Eliran Wong asked for a more detailed description of the “normalisation” column in MorphGNT so I promised him I’d write a blog post about it.
I first outlined the objective of the column in a 2005 blog post but enough time has passed and new work done that I thought it was worthy of a new post.
The core idea of the normalised column is to give the inflected form as it would be stated in isolation.
To use the example from the 2005 post, consider the phrase in Matthew 1.20:
τὴν γυναῖκά σου
If you were to ask someone what the accusative singular feminine definite article is, you’d expect the answer τήν and not τὴν. Similarly if you asked what the accusative singular of γυνή is, you’d expect the answer γυναῖκα and not γυναῖκά. The differences in Matthew 1.20 are contextual and, for many applications (particularly morphology) aren’t of much interest.
And so years ago, I went about adding a new column that normalised this sort of thing. Similarly μετά, μεθ’, μετ’, and μετὰ all get normalised to μετά in this separate column.
Back in the 2005 post, I enumerated the normalisations as:
- existing text may exhibit elision (e.g. μετ’ versus μετά)
- existing text may exhibit movable ς or ν
- final-acute may become grave
- enclitics may lose an accent
- word preceding an enclitic may gain an extra accent
- the οὐ / οὐκ / οὐχ alternation
When I published the SBLGNT analysis, another normalisation was added, namely the normalisation of capitalisation at the start of paragraphs or direct speech.

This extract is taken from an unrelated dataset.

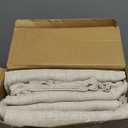 Extra Wide Pinch Pleated Curtains 84 Inches Long 2 Panels Set, Soft Thick Textured Window Curtains, Light Filtering Farmhouse Drapes for Patio Sliding Glass Door, Linen Color, 2x60Wx84L Inches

The capitalisation is not an inherent part of the inflected form in isolation, only the particular context of the token, and so it is normalised.
In Analysing the Verbs in Nestle 1904 I covered some differences between the SBLGNT and Nestle 1904 analyses that normalisation would have smoothed over. Note that normalisation COULD go further (for example, spelling differences) but I chose not to do that in the normalisation column.
In brief, the things NOT normalised include:
- crasis (e.g. κἀγώ vs καὶ ἐγώ)
In Annotating the Normalization Column in MorphGNT: Part 1 I started talking about annotating WHY each token was normalised the way it was and you can see some counts there for how many tokens underwent normalisation of accent or capitalisation, and how many had elision or a movable nu or sigma.
In many cases, the normalisation can be automated without any need for human intervention (by having a list of elidable words, enclitics, etc). I’ll soon publish my latest Python code for doing this. In some cases, manual checking is needed (although lemmatisation generally resolves a lot of the ambiguities). In Direct Speech Capitalization and the First Preceding Head I talked about the start of some work to go through all capitalisation and identify the reason for it. Similarly New MorphGNT Releases and Accentuation Analysis discusses work on annotating the reason for all accentuation changes.
There is still lots more work to do this for the SBLGNT but I did apply the idea when working on Seumas Macdonald’s Digital Nyssa project. For that, I produced a file the first five lines of which are:
Ἦλθε ἦλθε capitalisation καὶ καί grave ἐφ’ ἐπί elision ἡμᾶς ἡμᾶς ἡ ἡ proclitic
Here each token is normalised in the second column with the third column giving the reason for any difference between the token and the normalised form (and also indicating proclitics).
The possible annotations (and there can be more than one on a token) are:
I hope to eventually be able to provide the same for the entire SBLGNT (and other Greek texts).
Doing all this normalisation has a number of benefits. It makes it easier to extract forms for studying morphology, it allows searches to work more as expected (you don’t want to have to think up all the possible ways a form could actually be written in a text to search for it), it also allows much easier searching for particular phenomena (for example particular clitic accentuation).
It also allows for more rigorous validation of things like accentuation. Work in this area has already uncovered a number of accentuation errors in the SBLGNT text, for example, and could help with automated checking of OCR, etc.